Rob Zombie is a regular guest on Howard Stern’s morning radio show, and even plays on the show’s theme song, ‘The Great American Nightmare.’ Their personal friendship didn’t stop Stern from grilling Zombie about the beef he had with Marilyn Manson while the two were on tour together as part of the ‘Twins of Evil’ co-headlining trek in late 2012. Zombie addressed the issue for the first time, dialing it down and saying it wasn’t that big of a deal, even though a “feud” between the two rockers was oft-discussed in the press.
Recalling the incident, Zombie said that Manson remained on stage past his allotted set time one night. Zombie said, “It was no big deal. He went on late, which doesn’t matter. He just has to get off on time. Buildings have strict curfews. They will literally turn the power off and the lights on. He can go on whenever he wants and do whatever he wants. It doesn’t matter to me. I don’t pay attention. He just has to come off at the allotted time…He was like 25 minutes late. I was in my dressing room getting dressed. I don’t hall monitor.”
Even so, Zombie happened to be watching Manson’s performance on the TV in his dressing room that particular night and noticed he kept on going and going. He repeated that he didn’t care about the fact that Manson went on late, which made us think that perhaps he really did. Eventually, though, it was revealed that Manson going on late means he went off later than planned, which interfered with Zombie’s set.
But the problem lied in the fact that Manson went onstage and kept ranting and raving about it the NEXT day in Michigan, saying Zombie was the reason he could not play more songs, rather than his own tardiness being the reason he could not continue to perform.
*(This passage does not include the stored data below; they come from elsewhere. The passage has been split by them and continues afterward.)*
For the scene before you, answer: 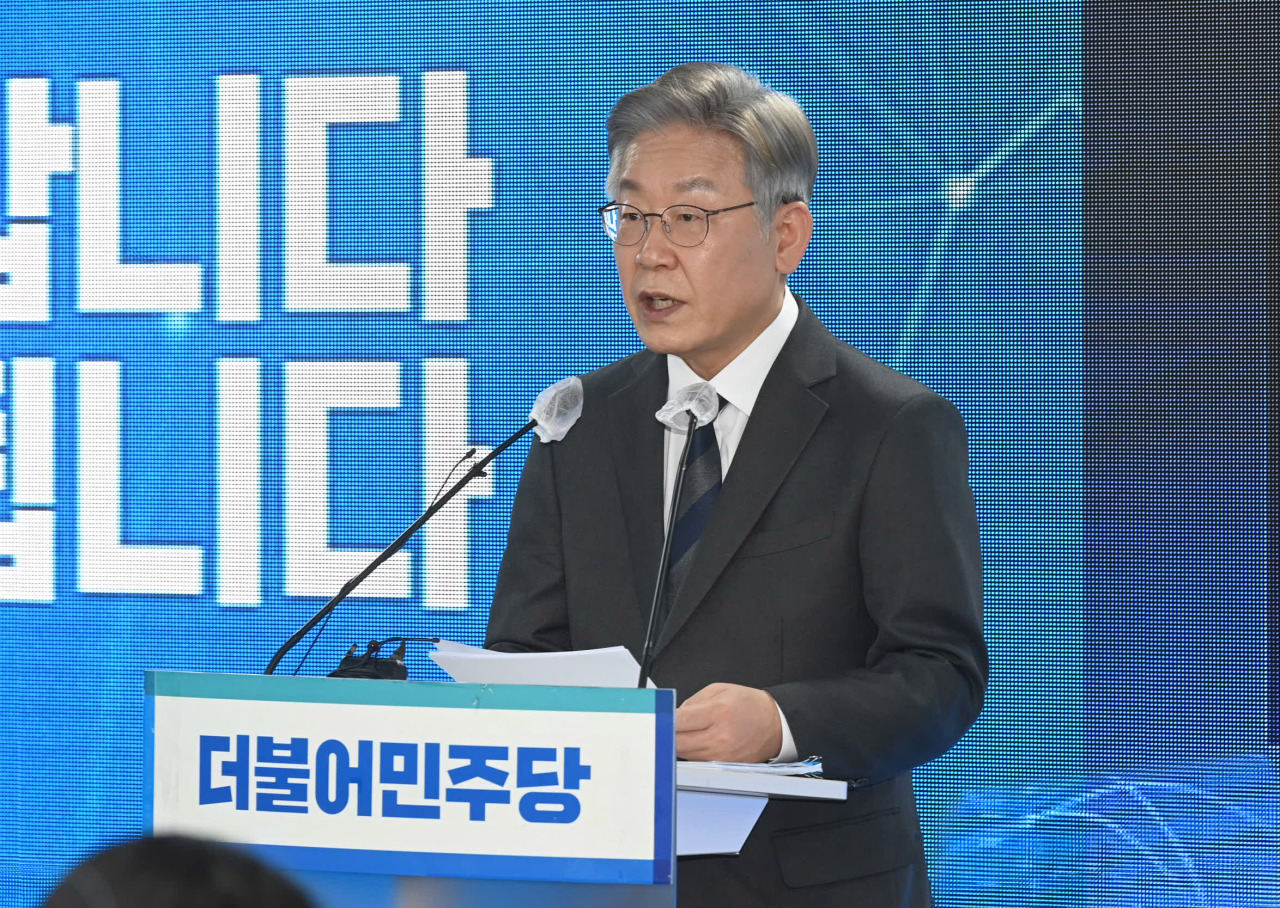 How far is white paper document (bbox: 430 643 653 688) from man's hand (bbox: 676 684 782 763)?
0.11 metres

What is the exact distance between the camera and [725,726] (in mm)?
1394

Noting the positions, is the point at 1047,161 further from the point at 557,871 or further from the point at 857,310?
the point at 557,871

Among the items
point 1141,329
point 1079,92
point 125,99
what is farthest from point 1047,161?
point 125,99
Zombie continued, “He kept going and going, and finally came off. We played our show. The next day, it turned into a thing. In his mind, he thought I had done something, and he couldn’t play his last song, which I didn’t know. It had nothing to do with me. It was the chaos of his show. He started ranting and raving about me. I missed a lot of it, but saw some on TV, where he said, ‘I am going to kick somebody’s ass.’ I was like, ‘What is he talking about?,’ not realizing he is talking about me. He always seems to be mad at someone. I thought he was pissed off at some sound guy. After ranting and raving, I realize he is talking about me. I was like, ‘What the f— did I do? I am back here minding my own business.’ I said I would just ignore it, but it kept going and going. You can only push it so far. I went backstage and was going to punch him the face, and that would be the end of that. He was like, ‘Hey, whatever.’ But I was pissed.”
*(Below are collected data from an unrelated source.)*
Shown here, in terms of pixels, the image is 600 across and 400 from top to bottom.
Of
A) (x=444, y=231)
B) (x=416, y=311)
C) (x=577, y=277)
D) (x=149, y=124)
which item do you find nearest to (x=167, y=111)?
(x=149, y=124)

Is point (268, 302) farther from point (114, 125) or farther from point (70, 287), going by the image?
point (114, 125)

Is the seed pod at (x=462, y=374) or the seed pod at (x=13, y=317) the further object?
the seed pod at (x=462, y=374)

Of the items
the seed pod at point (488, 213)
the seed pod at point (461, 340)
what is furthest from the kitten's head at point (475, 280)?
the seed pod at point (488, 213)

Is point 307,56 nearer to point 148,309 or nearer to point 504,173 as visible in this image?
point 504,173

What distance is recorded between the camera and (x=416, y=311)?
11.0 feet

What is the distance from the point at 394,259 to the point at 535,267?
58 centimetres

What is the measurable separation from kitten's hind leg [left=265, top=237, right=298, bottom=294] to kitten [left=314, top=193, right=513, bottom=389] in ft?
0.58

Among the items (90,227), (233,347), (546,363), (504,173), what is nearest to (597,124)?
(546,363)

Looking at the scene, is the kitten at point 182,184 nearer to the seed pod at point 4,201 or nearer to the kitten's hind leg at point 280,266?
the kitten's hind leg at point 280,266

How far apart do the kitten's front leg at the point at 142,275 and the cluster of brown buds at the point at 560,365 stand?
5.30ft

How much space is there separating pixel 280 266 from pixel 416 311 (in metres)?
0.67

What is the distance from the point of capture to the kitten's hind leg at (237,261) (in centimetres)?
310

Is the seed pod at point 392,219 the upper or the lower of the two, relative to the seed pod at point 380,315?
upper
Zombie confronted Manson, revealing, “I went in like, ‘What the f— is your problem?’ I was pissed but calm. [Like] ‘I don’t f— with your show, I don’t know what the f— you’re talking about.’ He didn’t know…He says things and doesn’t think people are going to be pissed about it. If you go in front of the crowd, now it becomes a real thing you’ve created.”
Zombie said he doesn’t remember going onstage and saying “F— Marilyn Manson,” and didn’t want to hear a clip of it, either. Stern had it cued up, though!
The acts did the entire U.S. tour and beyond with no further drama and Zombie even said that he would tour with Manson again.